Today is Tax Day 2017, a national day of gnashing teeth and rising blood pressure.

Obviously, no one likes to pay taxes. The IRS is such a dirty word that it has become a despised three-letter acronym – no need to spell it out, taxpayers know the enemy when they see it.

Yet, among all the issues this nation faces, taxes are not that big of a deal.

The reality is that current federal income taxes do not represent a burden for average Americans. The “effective” tax rate – the true tax rate, after all exemptions, deductions and credits – for most middle class families is below 10 percent. And many are closer to the 5 percent range.

(Anyone can quickly calculate their effective rate by dividing the amount on Line 56 of their 1040 form by Line 37 – then just move the decimal point two places to the right.)

If more Americans realized what they actually pay to Uncle Sam, the endless refrain for tax cuts, led by talk-radio and TV commentators, would lose its appeal. We now see some evidence of changing times.

A new Gallup poll shows that close to two thirds of people, 61%, say their federal income tax is fair. That’s nearly the highest that number has been in the past 20 years and it represents a significant jump from the 50 percent who said their tax bill is fair just one year ago.

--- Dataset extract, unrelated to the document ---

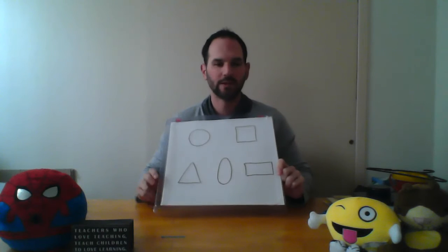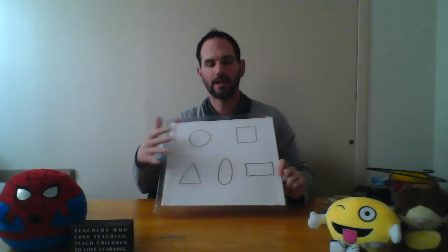Hi guys, welcome back. We finished doing our shape review in the last video and now I have a game for you to play.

Tax cuts don’t drive the economy

Those polling numbers arise in conjunction with mounting evidence that tax cuts do not drive the economy. Contrary to traditional macroeconomic thinking, several studies have shown that the big tax breaks during the George W. Bush administration accomplished little in terms of economic growth.

What’s more, a new report from the Congressional Research Service that spans six decades of data found that top tax rates for the wealthy “have had little association with saving, investment, or productivity growth.” Past studies cited in the report have suggested that a broad-based tax rate reduction can have “a small to modest, positive effect on economic growth” at most.

At the state level, the failure of tax cuts as an economic engine is far more pronounced. In recent years, several states have slashed taxes without enjoying the expected gains in jobs and growth. The poster child for this new reality is Kansas.

Kansas Gov. Sam Brownback called his large tax cuts a “model” for the nation but instead the plan led to below average job creation and huge budget deficits that forced cutbacks in services, especially K-12 school funding.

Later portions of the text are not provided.